О Феб, на чад своих воздвигнувший гоненье,

Ты сердцу моему дал кровью изойти.

Жестоко покарав свое же дерзновенье.

— Но если ты правду говоришь, — воскликнул Жерфаньон, которому мало-помалу передавалось убеждение Жалэза, зажигая в нем благородный гнев поколения нонконформистов, — то ведь это чудовищный скандал! Это еще один лик несправедливости. Это создает для нас еще одну форму революционного долга.

— И в этой форме я лично ощущаю этот долг особенно живо. Ты прав… Я не знаю, что нам готовит будущее. Быть может, состояние еще ухудшится; островок еще меньше станет посреди потопа. А, может быть, и наоборот: восторжествуют страждущие великие и дух, вдохновляющий их. Во всяком случае, уже теперь небольшой компенсацией является пыл борца и заговорщика, который я ощущаю в себе. Что бы ни произошло, я не пожалею о том, что в молодости пережил время, когда восхищению сопутствовал известный героический трепет.

* * *

— Итак, — сказал тихо Жерфаньон, когда они уселись на скамейке в глубине залы, — все это великие люди?

— Не вышучивай меня.

Жерфаньон скользил по лицам взглядом смышленого крестьянина. Человек сорок были более или менее сгруппированы за столами, но переговаривались от стола к столу. Шумно и накурено было как в обыкновенной зале, но атмосфера здесь царила — нельзя было отрицать — гораздо более возбуждающая. Там и сям уже горки блюдечек. Кофейные чашки; много пивных кружек; две или три рюмки водки. Перед несколькими тузами — бокалы шампанского с виски. Фигуры всякого возраста и всякого стиля. Костюмы весьма разнообразные в отношении щегольства или оригинальности. Много цветных жилетов. Простые пиджачные пары, но пестрые галстуки. Мало женщин, и ни одной действительно красивой. Жерфаньон, вспоминая публику на Вышке, решил, что на площади Тертр обстановка приветливее, женщины красивее (Жанна была там не самой красивой), чувство жизни мелодичнее и увлекательней. Но своего рода серьезность, господствовавшая здесь, в конце концов, передалась и Жерфаньону.

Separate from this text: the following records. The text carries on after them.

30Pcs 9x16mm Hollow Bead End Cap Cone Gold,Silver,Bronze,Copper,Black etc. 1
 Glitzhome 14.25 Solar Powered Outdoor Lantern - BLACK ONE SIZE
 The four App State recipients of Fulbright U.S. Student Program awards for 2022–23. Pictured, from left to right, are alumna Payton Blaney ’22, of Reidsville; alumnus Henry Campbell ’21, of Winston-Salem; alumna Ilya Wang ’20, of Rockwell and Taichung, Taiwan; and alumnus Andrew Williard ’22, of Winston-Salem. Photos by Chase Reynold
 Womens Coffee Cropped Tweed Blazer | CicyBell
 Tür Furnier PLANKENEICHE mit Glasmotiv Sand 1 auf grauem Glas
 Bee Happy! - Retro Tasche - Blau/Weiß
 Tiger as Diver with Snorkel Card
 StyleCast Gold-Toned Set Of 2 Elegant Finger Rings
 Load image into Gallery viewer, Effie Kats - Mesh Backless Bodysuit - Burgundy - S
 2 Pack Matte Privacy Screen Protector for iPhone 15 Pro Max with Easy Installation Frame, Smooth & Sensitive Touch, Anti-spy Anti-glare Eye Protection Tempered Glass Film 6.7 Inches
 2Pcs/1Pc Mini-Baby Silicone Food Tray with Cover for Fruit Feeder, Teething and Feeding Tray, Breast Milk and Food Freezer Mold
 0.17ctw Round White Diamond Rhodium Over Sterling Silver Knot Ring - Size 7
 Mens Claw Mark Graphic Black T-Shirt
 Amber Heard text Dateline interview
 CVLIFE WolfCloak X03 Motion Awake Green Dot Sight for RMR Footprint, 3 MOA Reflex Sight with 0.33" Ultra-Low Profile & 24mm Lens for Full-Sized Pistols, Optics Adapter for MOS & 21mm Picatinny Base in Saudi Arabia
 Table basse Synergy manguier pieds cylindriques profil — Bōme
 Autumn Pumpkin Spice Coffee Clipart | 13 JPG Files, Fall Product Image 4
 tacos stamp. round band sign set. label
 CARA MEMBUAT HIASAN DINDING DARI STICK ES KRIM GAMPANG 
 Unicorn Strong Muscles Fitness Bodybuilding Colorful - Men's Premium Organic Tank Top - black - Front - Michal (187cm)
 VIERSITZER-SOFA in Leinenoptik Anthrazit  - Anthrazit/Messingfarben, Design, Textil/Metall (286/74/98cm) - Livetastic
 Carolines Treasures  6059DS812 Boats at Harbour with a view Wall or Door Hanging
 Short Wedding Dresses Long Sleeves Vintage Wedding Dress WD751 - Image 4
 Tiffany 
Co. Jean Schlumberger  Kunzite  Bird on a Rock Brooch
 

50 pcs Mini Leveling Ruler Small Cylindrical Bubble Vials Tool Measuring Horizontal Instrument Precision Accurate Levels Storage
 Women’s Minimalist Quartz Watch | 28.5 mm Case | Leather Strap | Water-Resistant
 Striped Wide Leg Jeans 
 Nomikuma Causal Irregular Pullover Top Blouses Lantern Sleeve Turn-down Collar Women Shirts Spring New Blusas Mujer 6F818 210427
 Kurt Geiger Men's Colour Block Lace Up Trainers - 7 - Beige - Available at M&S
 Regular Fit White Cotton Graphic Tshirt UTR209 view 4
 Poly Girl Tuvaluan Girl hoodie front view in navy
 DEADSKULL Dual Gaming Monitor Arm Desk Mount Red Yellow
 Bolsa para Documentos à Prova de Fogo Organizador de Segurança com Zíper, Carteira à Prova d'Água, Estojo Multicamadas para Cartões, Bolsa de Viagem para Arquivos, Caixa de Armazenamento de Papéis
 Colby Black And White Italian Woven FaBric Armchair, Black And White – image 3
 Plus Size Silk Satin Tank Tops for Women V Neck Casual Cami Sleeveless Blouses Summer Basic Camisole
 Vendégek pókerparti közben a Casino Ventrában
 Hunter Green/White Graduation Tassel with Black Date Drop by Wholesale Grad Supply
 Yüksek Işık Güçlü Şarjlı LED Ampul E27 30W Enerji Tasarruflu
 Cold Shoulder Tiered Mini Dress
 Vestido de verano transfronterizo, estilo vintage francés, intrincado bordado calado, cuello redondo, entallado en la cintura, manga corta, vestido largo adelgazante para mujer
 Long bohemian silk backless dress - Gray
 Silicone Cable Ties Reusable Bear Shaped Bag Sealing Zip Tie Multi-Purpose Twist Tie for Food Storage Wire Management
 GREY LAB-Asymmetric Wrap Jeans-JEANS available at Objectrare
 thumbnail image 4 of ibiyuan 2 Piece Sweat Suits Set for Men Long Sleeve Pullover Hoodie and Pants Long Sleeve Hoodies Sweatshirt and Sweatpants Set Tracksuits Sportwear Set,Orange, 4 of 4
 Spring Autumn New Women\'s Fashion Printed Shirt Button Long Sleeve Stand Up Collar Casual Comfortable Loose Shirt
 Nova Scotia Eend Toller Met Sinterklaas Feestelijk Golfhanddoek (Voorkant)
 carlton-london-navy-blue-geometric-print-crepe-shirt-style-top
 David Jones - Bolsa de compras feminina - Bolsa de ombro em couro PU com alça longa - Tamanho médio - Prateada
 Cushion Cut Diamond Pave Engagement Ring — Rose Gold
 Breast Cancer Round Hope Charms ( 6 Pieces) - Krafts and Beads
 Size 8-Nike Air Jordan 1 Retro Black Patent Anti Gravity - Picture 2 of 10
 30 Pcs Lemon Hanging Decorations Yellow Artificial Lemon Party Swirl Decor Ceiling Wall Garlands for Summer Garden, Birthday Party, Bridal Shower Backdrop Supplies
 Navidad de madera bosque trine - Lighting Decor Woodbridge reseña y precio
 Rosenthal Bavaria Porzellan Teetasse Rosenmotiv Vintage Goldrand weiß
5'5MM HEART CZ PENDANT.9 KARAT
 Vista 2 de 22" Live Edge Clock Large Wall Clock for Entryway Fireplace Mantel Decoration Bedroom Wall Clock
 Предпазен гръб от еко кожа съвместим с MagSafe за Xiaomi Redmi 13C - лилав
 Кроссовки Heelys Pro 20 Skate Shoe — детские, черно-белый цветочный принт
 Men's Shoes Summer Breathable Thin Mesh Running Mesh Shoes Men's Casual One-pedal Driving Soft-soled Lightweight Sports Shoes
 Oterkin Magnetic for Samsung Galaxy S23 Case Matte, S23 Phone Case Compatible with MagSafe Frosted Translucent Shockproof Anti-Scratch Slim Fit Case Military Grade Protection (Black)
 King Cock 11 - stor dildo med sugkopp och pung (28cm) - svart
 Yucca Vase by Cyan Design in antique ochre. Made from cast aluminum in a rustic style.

В данный миг Поль Фор, неподалеку от входных дверей, беседовал с двумя молодыми людьми, дружески пожав им руки. Худой и худосочный человек средних лет, в коротком пиджаке, весь в черном от головы до пят, как дьявол. Большой нос, большие глаза, густые усы. Толстая крышка волос, с шарниром на боку, опускавшаяся ниже уха. Высокий галстук, обмотавший шею. Голос гнусавый и деревянный, далеко слышный, иногда смягчавшийся от пришепетывания. Это был ближайший друг и советчик Мореаса, обездоленного короля.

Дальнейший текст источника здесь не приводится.